Compared with the other PDSP manuscript, this version foregrounds LoopLink as the identity and presence layer, with Abracadabradoo carrying the semantic loop layer above it.

Motivation

Persistent identifiers and global registries assume that trust is static and transferable. PDSP argues instead that trust is situational, ephemeral, and socially contextual.

End-to-end encryption preserves content, but not necessarily delivery, revocation, or consent structure. PDSP answers with ratcheted presence confirmation, loop-local meaning, and proofs that stay attached to the trust relationship itself.

Key concepts

LoopLink Protocol

LoopLink forms and maintains bilateral trust relationships through a ratcheted handshake, mutual signatures, and heartbeat pulses. Identity is loop-scoped, revocable, and offline-capable.

Abracadabradoo Protocol

Abracadabradoo adds cryptographic proof-of-receipt and semantic metadata to encrypted messaging. It supports public declarations, witness roles, and selective verifiability.

Self-rooted Merkle trees

Each participant maintains a personal Merkle tree or DAG anchoring interactions, declarations, and proofs. There is no universal root, only intersecting trees that form a Merkle mesh.

Semantic loops

A loop is a bounded trust container negotiated between two or more parties. It can include payloads, timing rules, consent flags, quorum policies, and third-party witnesses.

Ratcheted pulse epochs

Instead of global time, PDSP uses loop-local pulse chains derived from LoopLink state to prove a shared now. A missed pulse naturally decays the relationship; resynchronization or revocation must be explicit.

Architecture overview

PDSP is implemented as a layered architecture:

  • Identity and Presence Layer - LoopLink establishes loop-scoped identity, mutual authentication, and pulse synchronization.
  • Semantic Loop Layer - Abracadabradoo creates structured encrypted interactions, receipts, and declarations.
  • Merkle Anchoring Layer - The local log stores participations, declarations, and proofs.
  • Witness and Role Layer - Observers, auditors, and validators can be represented explicitly.
  • Declaration and Finalization Layer - Co-signed agreements or proofs can be published to external registries or shared memory systems.

Comparison with Dialogica

Dialogica handles formal mediation and structured conversation. PDSP provides the sovereign substrate: living consent loops, verifiable exchanges, and shared semantic context.

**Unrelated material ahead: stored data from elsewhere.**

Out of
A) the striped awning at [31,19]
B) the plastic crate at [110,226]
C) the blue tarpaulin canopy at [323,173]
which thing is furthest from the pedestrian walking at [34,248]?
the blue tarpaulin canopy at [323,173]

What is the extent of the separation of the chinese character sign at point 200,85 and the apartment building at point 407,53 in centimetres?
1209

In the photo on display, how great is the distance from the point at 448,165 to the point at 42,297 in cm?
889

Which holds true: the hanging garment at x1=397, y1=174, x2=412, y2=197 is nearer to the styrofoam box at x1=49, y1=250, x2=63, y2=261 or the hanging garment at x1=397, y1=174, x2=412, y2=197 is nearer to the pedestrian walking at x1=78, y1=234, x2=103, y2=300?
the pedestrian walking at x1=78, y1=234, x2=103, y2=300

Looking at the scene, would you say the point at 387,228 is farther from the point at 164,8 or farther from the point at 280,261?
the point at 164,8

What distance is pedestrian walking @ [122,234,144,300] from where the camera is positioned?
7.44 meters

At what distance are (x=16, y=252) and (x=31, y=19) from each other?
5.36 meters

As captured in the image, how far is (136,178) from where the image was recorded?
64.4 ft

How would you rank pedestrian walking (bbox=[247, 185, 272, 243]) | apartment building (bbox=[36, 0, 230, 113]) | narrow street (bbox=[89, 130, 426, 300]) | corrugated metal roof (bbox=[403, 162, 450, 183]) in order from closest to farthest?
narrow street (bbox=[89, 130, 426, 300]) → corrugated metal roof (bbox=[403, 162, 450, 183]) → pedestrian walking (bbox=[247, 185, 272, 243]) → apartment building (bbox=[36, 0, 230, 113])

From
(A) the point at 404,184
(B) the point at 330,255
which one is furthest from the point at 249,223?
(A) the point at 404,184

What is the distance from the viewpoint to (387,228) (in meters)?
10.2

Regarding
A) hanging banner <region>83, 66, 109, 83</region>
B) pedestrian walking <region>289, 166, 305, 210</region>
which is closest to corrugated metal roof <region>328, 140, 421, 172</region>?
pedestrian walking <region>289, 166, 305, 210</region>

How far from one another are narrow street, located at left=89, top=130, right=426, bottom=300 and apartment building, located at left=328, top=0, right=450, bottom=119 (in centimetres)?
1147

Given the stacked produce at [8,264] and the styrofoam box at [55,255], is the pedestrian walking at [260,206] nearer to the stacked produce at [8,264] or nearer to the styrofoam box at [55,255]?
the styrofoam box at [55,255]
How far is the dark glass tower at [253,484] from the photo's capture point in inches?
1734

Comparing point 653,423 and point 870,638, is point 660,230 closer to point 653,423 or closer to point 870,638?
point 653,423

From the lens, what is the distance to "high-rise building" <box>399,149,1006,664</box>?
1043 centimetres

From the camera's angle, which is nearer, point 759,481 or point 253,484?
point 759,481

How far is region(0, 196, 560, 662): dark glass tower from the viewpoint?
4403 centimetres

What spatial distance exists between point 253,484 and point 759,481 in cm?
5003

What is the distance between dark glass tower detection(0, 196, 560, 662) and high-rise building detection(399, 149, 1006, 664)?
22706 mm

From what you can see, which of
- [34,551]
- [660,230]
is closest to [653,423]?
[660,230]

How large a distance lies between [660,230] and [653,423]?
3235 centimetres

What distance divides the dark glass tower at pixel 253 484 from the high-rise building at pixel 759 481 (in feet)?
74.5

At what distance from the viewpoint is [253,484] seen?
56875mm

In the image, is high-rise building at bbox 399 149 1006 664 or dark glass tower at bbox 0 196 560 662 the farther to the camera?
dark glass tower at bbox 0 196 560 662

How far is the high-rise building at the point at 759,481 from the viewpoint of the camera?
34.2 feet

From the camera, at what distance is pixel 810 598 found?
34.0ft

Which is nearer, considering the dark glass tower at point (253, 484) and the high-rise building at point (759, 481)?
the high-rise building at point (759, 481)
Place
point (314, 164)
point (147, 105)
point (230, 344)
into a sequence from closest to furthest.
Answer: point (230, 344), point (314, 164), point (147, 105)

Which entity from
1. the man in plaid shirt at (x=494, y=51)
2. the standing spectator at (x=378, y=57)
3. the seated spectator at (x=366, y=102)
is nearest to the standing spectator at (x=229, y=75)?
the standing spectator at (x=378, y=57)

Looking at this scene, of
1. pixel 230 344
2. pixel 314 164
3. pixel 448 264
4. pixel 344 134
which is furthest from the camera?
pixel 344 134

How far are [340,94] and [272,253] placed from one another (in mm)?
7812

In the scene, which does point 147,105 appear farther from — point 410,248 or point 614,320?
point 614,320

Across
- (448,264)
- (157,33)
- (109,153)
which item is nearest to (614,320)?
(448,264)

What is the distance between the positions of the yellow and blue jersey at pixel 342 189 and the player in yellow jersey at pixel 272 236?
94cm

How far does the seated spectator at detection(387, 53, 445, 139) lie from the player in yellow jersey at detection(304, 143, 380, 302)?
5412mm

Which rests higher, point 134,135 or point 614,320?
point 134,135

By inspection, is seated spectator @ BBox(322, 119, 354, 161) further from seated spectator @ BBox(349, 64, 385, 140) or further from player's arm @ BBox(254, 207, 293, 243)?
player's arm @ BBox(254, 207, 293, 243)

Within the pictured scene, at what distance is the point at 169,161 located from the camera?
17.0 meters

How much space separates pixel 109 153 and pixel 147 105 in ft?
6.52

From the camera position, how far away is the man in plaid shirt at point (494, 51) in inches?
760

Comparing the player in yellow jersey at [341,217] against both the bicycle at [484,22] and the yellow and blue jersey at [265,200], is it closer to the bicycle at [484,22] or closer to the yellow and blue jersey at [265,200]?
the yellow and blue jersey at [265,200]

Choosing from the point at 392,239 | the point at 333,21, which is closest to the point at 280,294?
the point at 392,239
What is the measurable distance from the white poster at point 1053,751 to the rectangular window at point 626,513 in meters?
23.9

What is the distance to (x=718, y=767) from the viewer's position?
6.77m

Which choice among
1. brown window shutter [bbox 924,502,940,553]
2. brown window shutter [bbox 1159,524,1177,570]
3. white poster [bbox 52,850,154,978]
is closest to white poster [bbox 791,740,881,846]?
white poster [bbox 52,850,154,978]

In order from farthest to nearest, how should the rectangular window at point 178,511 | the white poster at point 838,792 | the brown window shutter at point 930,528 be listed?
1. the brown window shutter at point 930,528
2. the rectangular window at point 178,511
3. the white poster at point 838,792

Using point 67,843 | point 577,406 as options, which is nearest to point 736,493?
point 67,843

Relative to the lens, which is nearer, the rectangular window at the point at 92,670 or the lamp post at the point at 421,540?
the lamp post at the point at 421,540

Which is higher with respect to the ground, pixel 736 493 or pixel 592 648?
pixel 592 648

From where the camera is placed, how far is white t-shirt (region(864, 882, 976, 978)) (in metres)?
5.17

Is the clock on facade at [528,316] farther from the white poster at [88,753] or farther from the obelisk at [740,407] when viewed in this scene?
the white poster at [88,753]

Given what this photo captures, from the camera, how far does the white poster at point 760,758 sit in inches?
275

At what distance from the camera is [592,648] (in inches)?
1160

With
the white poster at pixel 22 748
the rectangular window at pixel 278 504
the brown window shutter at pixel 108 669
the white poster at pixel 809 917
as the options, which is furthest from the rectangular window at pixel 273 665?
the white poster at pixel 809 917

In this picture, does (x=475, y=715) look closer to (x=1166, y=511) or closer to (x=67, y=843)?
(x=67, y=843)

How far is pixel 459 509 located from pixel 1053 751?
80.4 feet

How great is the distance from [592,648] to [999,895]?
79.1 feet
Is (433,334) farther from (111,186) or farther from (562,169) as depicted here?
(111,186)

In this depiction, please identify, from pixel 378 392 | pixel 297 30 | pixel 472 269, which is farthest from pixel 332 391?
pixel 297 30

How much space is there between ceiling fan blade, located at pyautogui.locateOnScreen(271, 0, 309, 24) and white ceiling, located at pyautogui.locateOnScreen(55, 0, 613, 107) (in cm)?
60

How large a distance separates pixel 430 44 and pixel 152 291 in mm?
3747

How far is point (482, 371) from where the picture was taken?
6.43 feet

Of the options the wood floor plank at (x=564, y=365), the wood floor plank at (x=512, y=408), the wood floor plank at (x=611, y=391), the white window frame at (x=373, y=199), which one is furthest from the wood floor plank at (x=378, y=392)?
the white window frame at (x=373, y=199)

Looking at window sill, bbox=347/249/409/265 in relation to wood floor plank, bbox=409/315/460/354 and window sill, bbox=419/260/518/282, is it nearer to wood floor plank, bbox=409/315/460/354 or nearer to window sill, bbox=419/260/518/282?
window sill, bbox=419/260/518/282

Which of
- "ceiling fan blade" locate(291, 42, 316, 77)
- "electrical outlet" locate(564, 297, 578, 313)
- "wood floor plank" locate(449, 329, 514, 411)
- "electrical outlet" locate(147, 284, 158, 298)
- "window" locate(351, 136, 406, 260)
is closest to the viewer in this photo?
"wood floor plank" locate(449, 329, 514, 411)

PDSP loops can feed into Dialogica sessions as trust anchors or context providers.

Use cases

  • Medical consent - a patient and clinician create a LoopLink loop at the point of care.
  • AI-human collaboration - a sensitive recommendation is exchanged within a loop and optionally witnessed.
  • Civic governance and voting - nested loops reach quorum on a proposal and finalize it across participants' trees.
  • Anonymous journalism - a whistleblower proves presence through ratcheted pulses without revealing identity.
  • Offline ticketing - attendees receive latent LoopLink loops as tickets.
  • Private contracting - a final declaration is co-signed and anchored to the participants' Merkle roots.

Implementation considerations

  • Loop initialization UI for QR, NFC, or equivalent key exchange.
  • Local Merkle logging with inclusion proofs and selective disclosure.
  • Pulse management with configurable cadence and drift windows.
  • Declaration composition and validation with optional publication.
  • Witness-role support for third-party observers.
  • Selective disclosure so presence or consent can be proven without revealing the full loop.

Open questions

  • How do multiparty extensions affect pulse ratcheting and Merkle anchoring?
  • What forms of cryptographic revocation or decay should be supported?
  • How can third-party witnesses be trusted and verified?
  • Should a minimal protocol registry coordinate loop schemas and roles?
  • Can loop states be migrated or time-shifted across devices?

Appendix notes

This markdown copy is the LoopLink-forward source version of the core PDSP manuscript. It is the one the wiki should prefer when referring to the transport and presence layer of the protocol.